Euan is one of many Letterboxd to say he didn’t feel the three and a half hours go by, highlighting how the film is “perfectly partitioned, with the epilogue serving as an ode to architecture and the beauty of what is all around us.” “This 3.5-hour film felt shorter than most 2-hour movies I’ve seen this week,” Henry agrees, with Fedor stating he didn’t feel “a single second of boredom.”

In fact, many have praised the film’s pacing and Dávid Jancsó’s sharp ability for montage. The Hungarian editor is one of many of the film’s technical team who get loving mentions on Letterboxd. “Cinematographer Lol Crawley accomplished a posh yet layered blend of compositions, choices of lens and lightings that were just as marvellous. Daniel Blumberg’s score enhanced the already rich supervision,” raves Maxine, with James saying adding that “this is a film that could’ve coasted by on its vivid and layered compositions, plus a literally banging score [by] Daniel Blumberg.”
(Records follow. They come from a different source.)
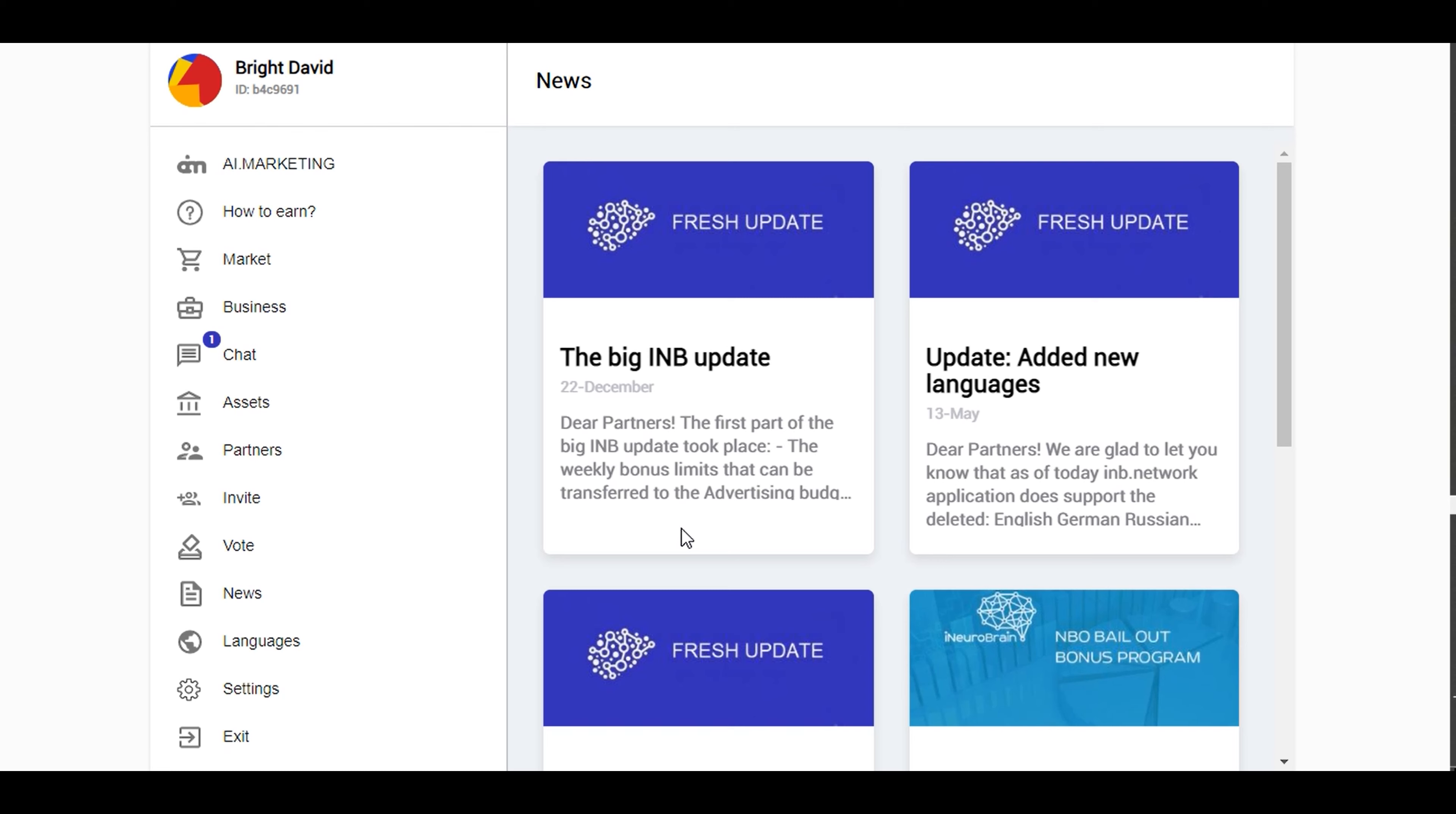Now the more you refer people, the more people you refer bringing people into your network, you build up some kind of network. Then IMB, which is the partner company with AI Market Bot, they give you some kind of extra money.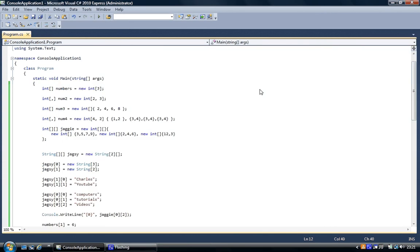And that's all you would do to retrieve the values from the jagged array. So again, thank you for your time.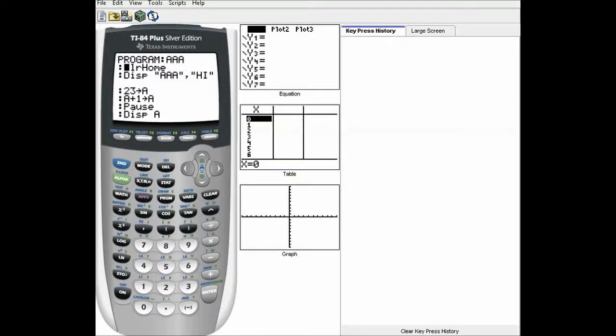Hello everyone, it's Speedio696 here, and I'm going to do another programming video. Today I'm going to teach you the basics of using labels and how to make sure that you don't screw them up.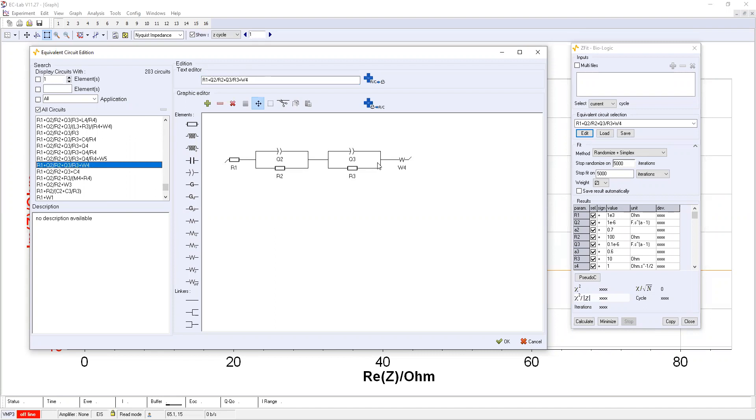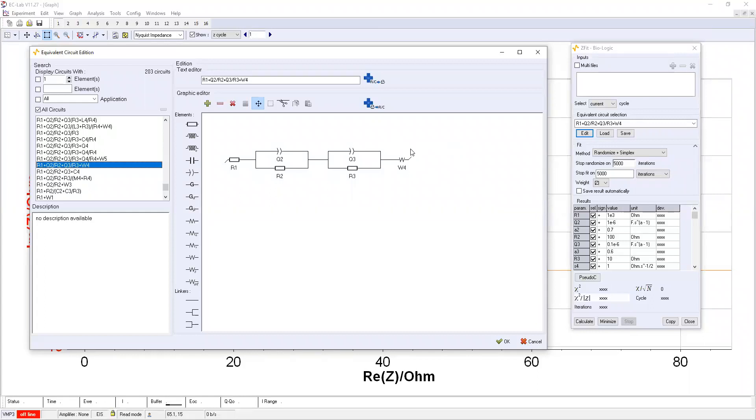But if you want to think that this is not correct, you can actually draw by yourself. I'm going to show how you can draw it. There are some elements like this is resistance, capacitance, constant phase element, Warburg diffusion and other values. And there is a linker you need to link to draw the circuit. Let's say I don't want Warburg diffusion here first. So you can just cut it.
Film festivals are infamously a land of hyperbole, and many are rightfully wary. But, every once in a blue moon, a film comes along that merits a response as grand as the work itself. Plus, isn’t it lovely to see instantly besotted cinephiles so vividly reminded of why they love movies? Give me rushed “masterpiece” statements over jadedness any day.


The Brutalist’ continues its festival run this month with screenings at TIFF and NYFF before a to-be-dated release.